Georgia 4-H operates five 4-H centers in Georgia:

  • Rock Eagle 4-H Center, Eatonton
  • Wahsega 4-H Center, Dahlonega
  • Fortson 4-H Center, Hampton
  • Burton 4-H Center on Tybee Island
  • Jekyll Island 4-H Center

  • The Georgia 4-H Centers served over 103,000 Georgia 4-H Club members and other citizens during the past fiscal year
  • Less than 15% of the Georgia 4-H Centers' operating budgets is derived from public dollars
  • The remainder of the operating is derived from fee generation or from private donations
  • Over 37,000 young people participated in hands-on, experiential learning experiences at one of the five Georgia 4-H Centers last year
  • Nearly 10,000 young people participated in a summer camping program at one of the Georgia 4-H Centers last summer.

Key Programs:

  • Georgia has the largest 4-H military youth enrollment of any state in the country
  • Georgia 4-H, in cooperation with the US Department of Defense, works closely with military youth and families at all the major military bases in our state.
  • 4-H Project Achievement engages 10,000 youth annually in a process where 4-H members learn public speaking skills, do research, prepare illustrated talks, keep a portfolio of their accomplishments, and present an oral presentation. The skills learned in 4-H are used by individuals in the workforce every day.
  • Georgia 4-H partners with Georgia FFA and the UGA Animal & Dairy Science Department to provide opportunities to Georgia's youth to learn responsibility through livestock projects, programs and judging events. Yearly, nearly 2,400 young people complete a year long process to prepare over 4,500 animals for exhibition at the Georgia Junior National Livestock Show and other competitive events
  • Nearly 5,000 youth participate in 4-H Project S.A.F.E. (Shooting Awareness, Fun and Education) Program annually. These young people learn concentration, sportsmanship and teamwork and are led by over 1,000 trained volunteers who give of their individual time to benefit youth.
  • The 4-H program utilizes volunteers at local and state levels to implement the programs of Georgia 4-H. There are currently over 5,900 certified 4-H volunteers in Georgia that help the 94 county Extension agents deliver the 4-H program to 156,000 young people.
  • On a biennial basis the Georgia Youth Summit bringing together 800 of Georgia's brightest young people to seek their ideas on issues young people see facing our state. These issues and concerns are shared with public officials in Georgia who make policy which shapes the future of our state.

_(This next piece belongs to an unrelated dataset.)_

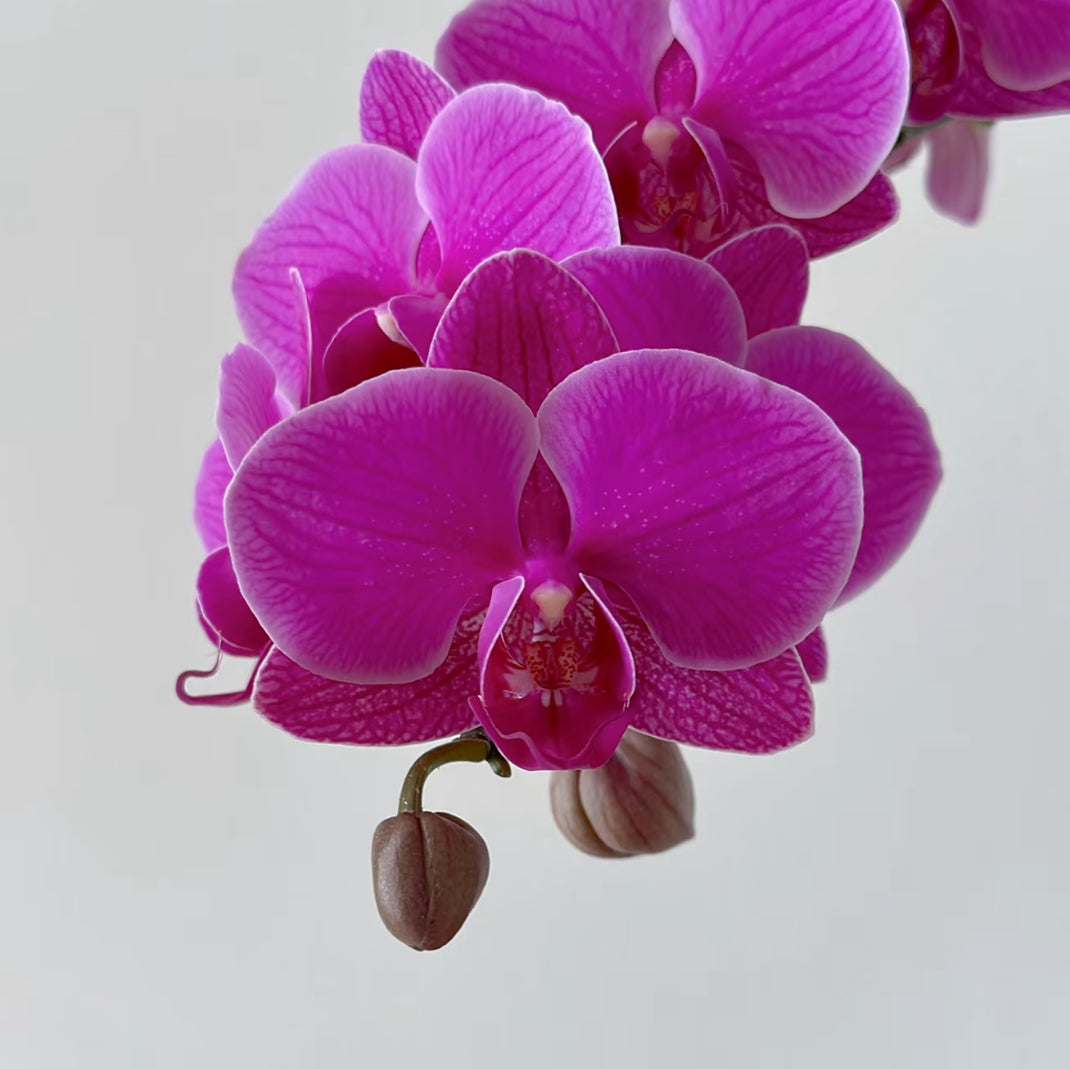 CNY Live Orchid Special [ *YELLOW* POT | CNY Specials ]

The Georgia 4-H Environmental Education (EE) Program:

As a part of Georgia 4-H, EE serves as a partner in education with public, private, and home school groups across Georgia and the Southeast. The high-quality, research-based education programs are taught in the context of the real world environment at the five 4-H Centers. From the mountains to the sea, the Georgia 4-H Environmental Education Program is often recognized for its ability to bring school concepts to life and connect students to the natural world using the outdoors as a classroom without walls. Georgia 4-H Environmental Education has an emphasis in the sciences, and complements history/social studies, language arts, and mathematics, and promotes team building, skill development, communication, and relationships. During the 2008-09 school year, the five 4-H Centers across Georgia reached over 37,000 participants and since its inception in 1979, the total program has served over 800,000 participants. Students showed a 45% increase in knowledge from the pre-test to the post-test.

Georgia 4-H Foundation:

This is a private partner of the Georgia 4-H program and seeks private donations to support Georgia's programs, to provide awards, incentives, and scholarships to Georgia 4-H members, and to support the 4-H facilities by soliciting private funds to improve each of the five Georgia 4-H Centers.